Elas não querem saber do futuro. É aproveitar o agora, viver intensamente o feito histórico que alcançaram quando (quase) ninguém acreditava. Para chegar ao bronze, tiveram que superar as canadenses Dabrowski e Fichman, as tchecas Pliskova e Vondrousova e as estadunidenses Mattek-Sands e Pegula. Na semifinal, caíram diante das suíças Bencic e Golubic, mas tiveram forças para dar a volta por cima e buscar o bronze contra as russas.

"O sentimento é incrível. Estou tentando aproveitar o momento o máximo possível. Não estou pensando em nada, estou só pensando em receber a medalha e comemorar. Isso vai ser o mais importante, é a única coisa que está passando na minha cabeça agora", sorriu Luísa.

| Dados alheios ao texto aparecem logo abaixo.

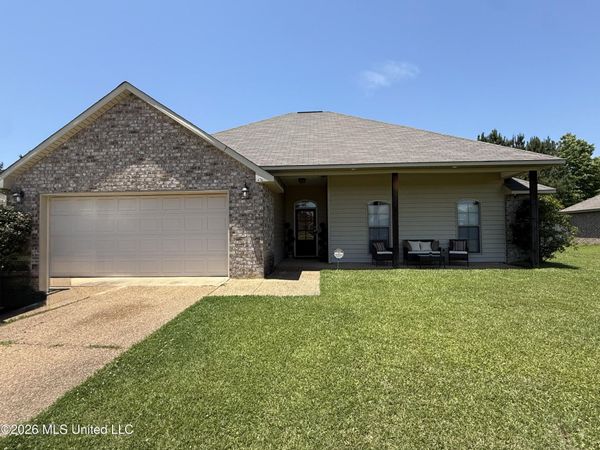 476 Parker Drive, Byram, MS 39272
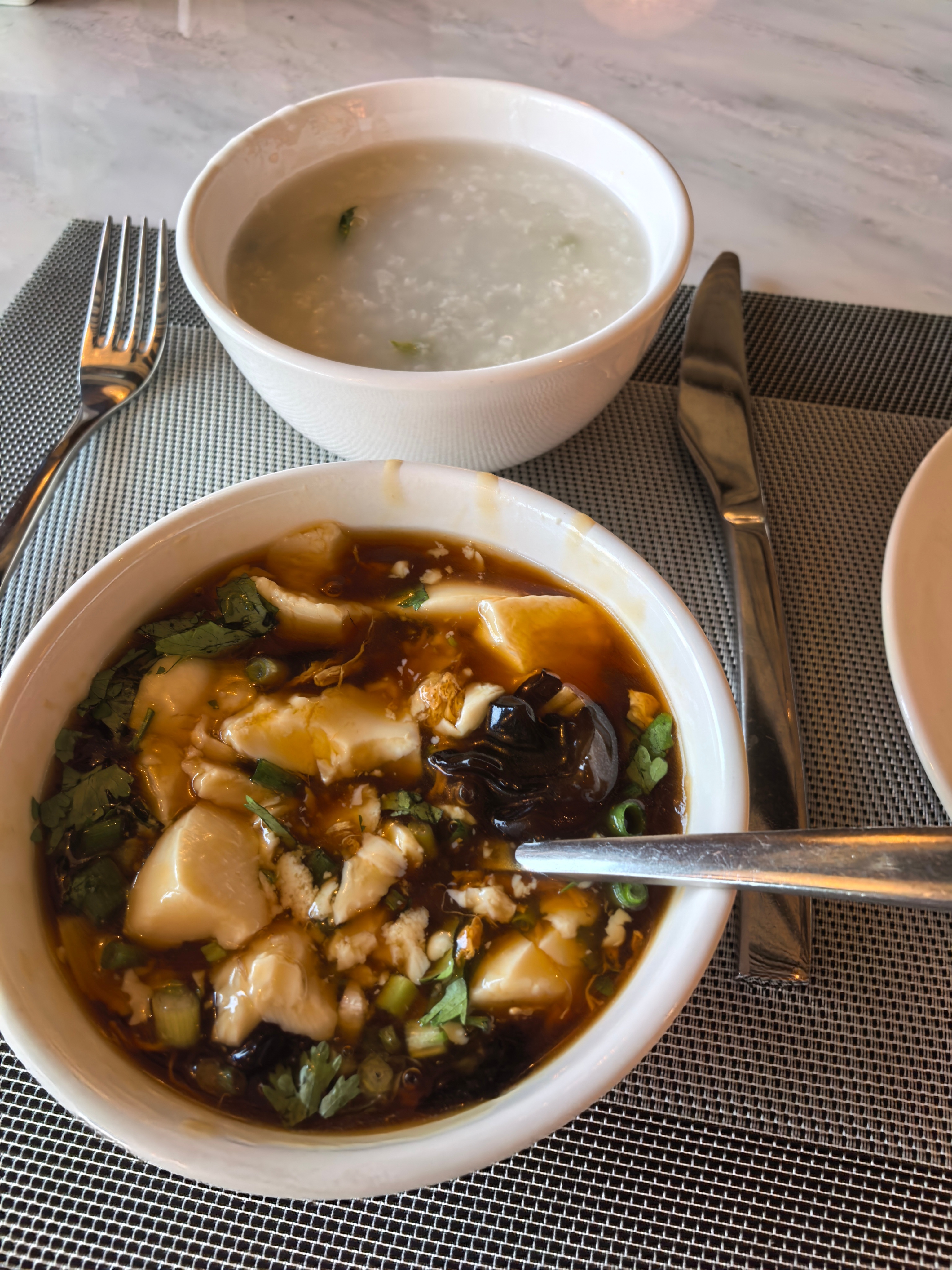 北京的早餐有咸豆腐脑吃真是太好了 ​​​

A ordem é viver o momento:  "É comemorar agora, o resto a gente vê depois. É sentir, comemorar agora com o Time Brasil. Os próximos passos a gente vai ver. Isso é muito novo, é muito louco, é surreal. É aproveitar o momento agora e o resto eu aviso quando a gente souber", disse Luísa. "Por enquanto, a gente não tem nenhum plano", respondeu Laura. "O plano é aproveitar o momento", completou Luísa.

As homenagens


Nas redes sociais, tenistas brasileiros exaltaram o feito das paulistas. "Vitória histórica! Parabéns pela conquista desse nosso sonho. Medalha inédita para o tênis brasileiro. Simplesmente fantástico!", comemorou Guga.

"Obrigado, Luísa e Laura. Eu me senti vingado. Obrigado por tirar esse fardo eterno do quase medalha para o tênis até esta madrugada. O tênis tem sua medalha olímpica sim!", festejou Meligeni.

"Feriado nacional. Para tudo. Vocês são foda, Lu e Lau. Obrigado por tanto", escreveu o mineiro Bruno Soares, impedido de disputar os Jogos de Tóquio por uma apendicite.

"Lutaram do primeiro ao último ponto, salvaram match points, acreditaram em vocês e na equipe! Medalha mais do que justa! Muito feliz por vocês, aproveitem e curtam bastante! Espero que incentive a garotada a acreditar no sonho de conquistar uma medalha, um Grand Slam ou de até mesmo ser um tenista profissional!", publicou o também mineiro Marcelo Melo.